Search code examples
pythonbeautifulsoupmechanizemechanicalsoup

python web scraping issues with mechanize


I am trying to scrape web results from the website: https://promedmail.org/promed-posts/

I have followed beutifulsoup. mechanical soup and mechanize so far unable to scrape the search results.

import re
from mechanize import Browser,urlopen
browser = Browser()
browser.set_handle_robots(False)
browser.addheaders = [('User-agent', 'Mozilla/5.0 (X11; U; Linux i686; en-US; rv:1.9.0.1) Gecko/2008071615 Fedora/3.0.1-1.fc9 Firefox/3.0.1')]
browser.open("https://promedmail.org/promed-posts")
for form in browser.forms():
    if form.attrs['id'] == 'full_search':
        browser.form = form
        break
browser['search'] = 'US'
response = browser.submit()
content = response.read()

The content does not show the search results when typed in US. Any idea on what am I doing wrong here?


Solution

  • As you mention bs4 you can mimic the POST request the page makes.

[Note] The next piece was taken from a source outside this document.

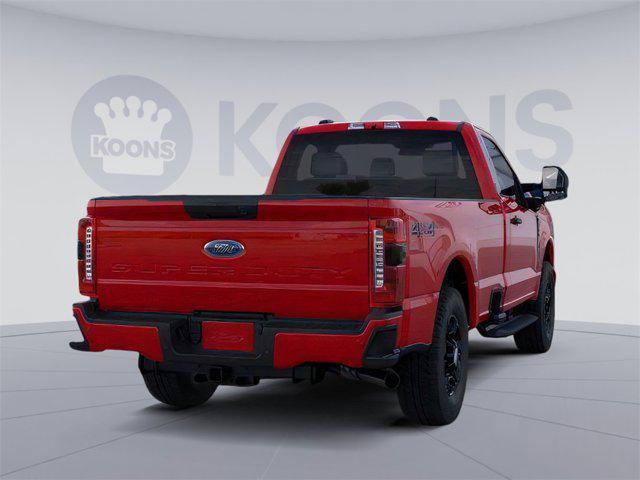 new 2025 Ford F-250 car, priced at $52,395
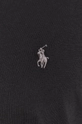 czarny Polo Ralph Lauren Longsleeve 710652669014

Extract the json item which contains the html the page would have been updated with (containing the results); parse that into BeautifulSoup object then reconstruct the results table as a dataframe:

    import requests
    from bs4 import BeautifulSoup as bs
    
    headers = {'user-agent': 'Mozilla/5.0'}
    
    data = {
      'action': 'get_promed_search_content',
      'query[0][name]': 'kwby1',
      'query[0][value]': 'summary',
      'query[1][name]': 'search',
      'query[1][value]': 'US',
      'query[2][name]': 'date1',
    #  'query[2][value]': '',
      'query[3][name]': 'date2',
    #  'query[3][value]': '',
      'query[4][name]': 'feed_id',
      'query[4][value]': '1'
    }
    
    r = requests.post('https://promedmail.org/wp-admin/admin-ajax.php', headers=headers, data=data).json()
    soup = bs(r['results'], 'lxml')
    df = pd.DataFrame([(i.find_next(text=True), 
                        i.a.text, 
                        f"https://promedmail.org/promed-post/?id={i.a['id'].replace('id','')}") for i in soup.select('li')]
                      , columns = ['Date', 'Title', 'Link'])
    print(df)